While awarding any rating to a particular product, it shall be useful for the general public that any
impermissible or questionable covenants of the financial product shall also be mentioned in detail in
order to enable the prospective investor to understand the Shariah issues with the same.

It would be worthwhile to propose that such rating should be performed by Islamic finance
professionals with the help of Shariah jurists of repute. These professionals might include management
consultants or an association of Islamic financial institutions. State Bank and the SECP and the Shariah
Board established by them shall just help them out in determining the broad categories and guidelines for
these ratings.
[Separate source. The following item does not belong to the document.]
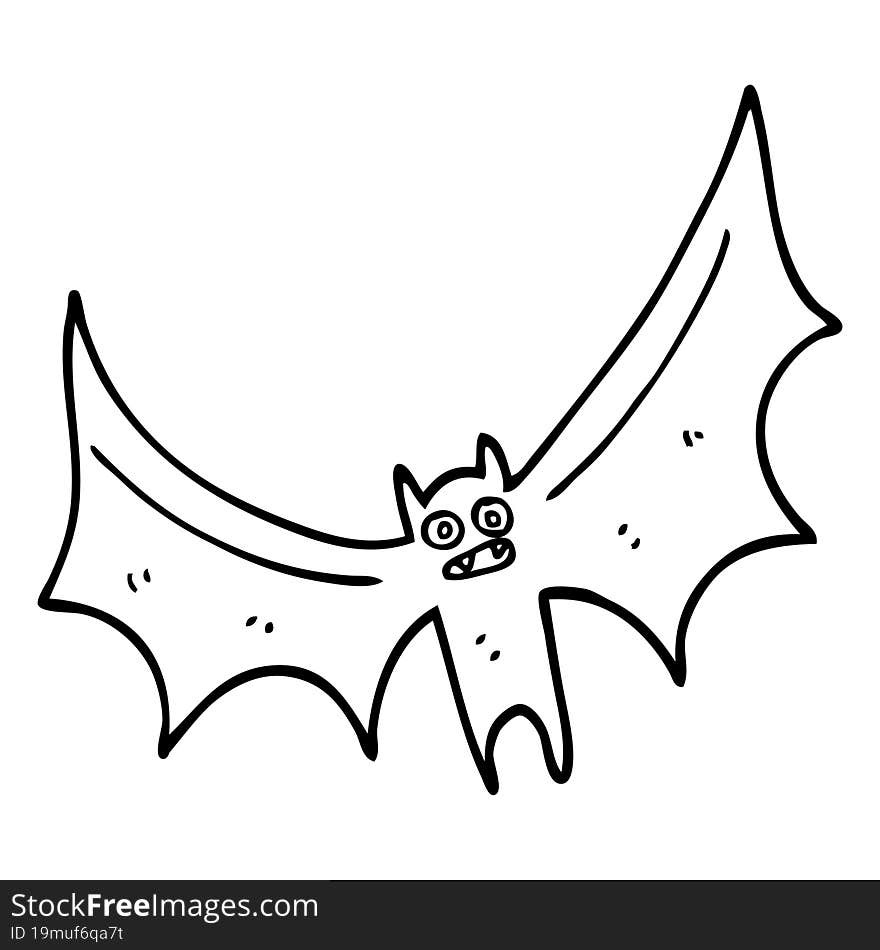 line drawing cartoon bat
The organizations and consultants willing to undertake the task shall be required to be
registered with the State Bank and the SECP who shall, at the time of granting such license and from
time to time, review the experience, skills, knowledge and repute of such organizations and consultants.

However, it also needs to be specified that Shariah compliance rating of Islamic financial
products may only be performed on the “paper-work level”. In other words the letter of the same may
be rated by the Islamic finance professionals but the applicability of the same cannot be ensured unless
and until a comprehensive Shariah compliance audit of the same is performed.

Although these proposals and views are the perspective of a beginner in the Islamic finance, I
feel that these words will capture the attention of Islamic finance experts, as well as, the concerned
officials of the State Bank and the SECP. I feel that once the standard for Shariah compliance are set out,
Shariah compliance assurance of Islamic financial institutions is made public, as well as, the Shariah
compliance rating of Islamic financial products is generally available, general public will be in a better
position to rely on the Islamic financial institutions and the Islamic financial products.

As an alternate, it may be proposed that if our regulators, as well as, the law makers are still not
sincere in promotion of Islamic finance in the country, those in the business of Islamic finance shall step
forward to form an association with such an objective. In this respect, Shariah compliance audits may be
voluntarily introduced as already being performed in case of Islamic mutual funds and an Islamic bank.
However, as discussed above, in order to improve the process, these audits shall be carried out by
independent Islamic finance experts, preferably independent firms of chartered accountants having
experience in Islamic finance and banking.

May Allah Almighty bestow us his blessings and enable us to evolve a complete system of life in
accordance with the principles of life provided by the Holy Quran and the Holy Prophet (SAAWS).